When News Corp. (NWS) first inked the Google deal in 2006, the pact was a huge shot in the arm for the company because it guaranteed that Murdoch would earn back the $600 million he’d spent on the site–and that was just for a small slice of its ad inventory.

But in retrospect, it’s clear that the agreement was a one-time only affair. If MySpace does get another Google deal next year, it will be at much lower terms. (News Corp. is the owner of Dow Jones, which owns this Web site.)

Barclays analyst Douglas Anmuth, who spent the weekend poking through Google’s 10-K filing, finds yet more evidence that Google (GOOG) has no intention of paying through the nose again. In 2007, he notes, Google spent $1.7 billion on guaranteed deals like the MySpace arrangement. Last year, that number dropped to $1 billion. (Click chart to enlarge.)

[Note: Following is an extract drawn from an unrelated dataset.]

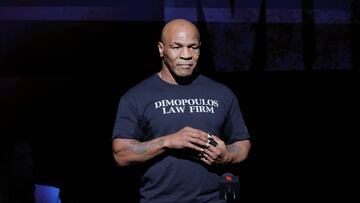 (FILES) Former US boxer Mike Tyson speaks at a press conference at the Apollo Theatre in New York, on May 13, 2024. Mike Tyson's upcoming return to the ring against YouTuber Jake Paul has been postponed after the former heavyweight champion's recent health scare, organisers said on May 31, 2024. (Photo by Kena Betancur / AFP)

Anmuth, who also notes that Google has recently walked away from a distribution deal with Dell (DELL) and ceded a Verzion (VZ) deal to Microsoft (MSFT), concludes that “Google no longer sees the need to win distribution at any cost, and we also think it is internally re-evaluating its relationship with MySpace.”

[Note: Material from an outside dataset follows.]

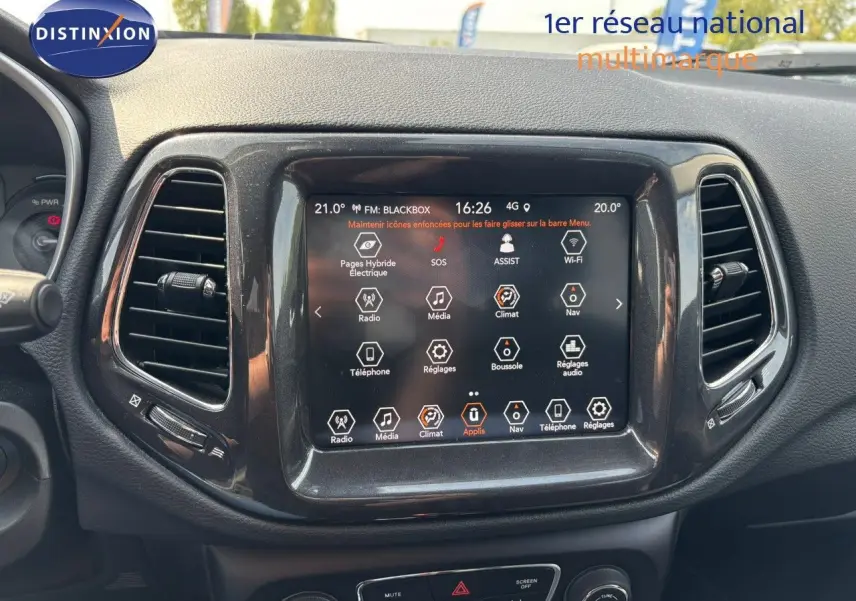 Écran tactile central du tableau de bord du Jeep Compass blanc, affichant les commandes multimédia et climatisation.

Want even more data points? OK: Two years ago, Google let Microsoft win the Facebook bake-off, allowing Redmond to plunk down $240 million for an overvalued stake in the social network. And last year, Google Co-Founder Sergey Brin used the company’s earnings call to sound off about its disappointment with advertising on social networks.

Does this sound like a company itching to re-up?

This isn’t necessarily a disaster, by the way. Wall Street long ago stopped factoring in Google dollars in MySpace’s results (the unit posted flat revenues last quarter, which isn’t bad considering the rest of the online ad market). And Microsoft will certainly be interested in acquiring additional search inventory any way it can–ask the folks at Yahoo (YHOO) about that.

But without Google to help bid up the price, even Redmond won’t have to overpay for MySpace. Which means that if MySpace wants to keep bragging about its impressive growth, it’s going to have generate much more of that growth itself.

UPDATE: Here’s a response from MySpace:

“MySpace and Google have a long-standing, productive partnership on a number of levels including search advertising, our support of the Android operating system, implementation of Google Gears, and the co-development of OpenSocial. It’s extremely premature to speculate on what either company may do in 18 months.”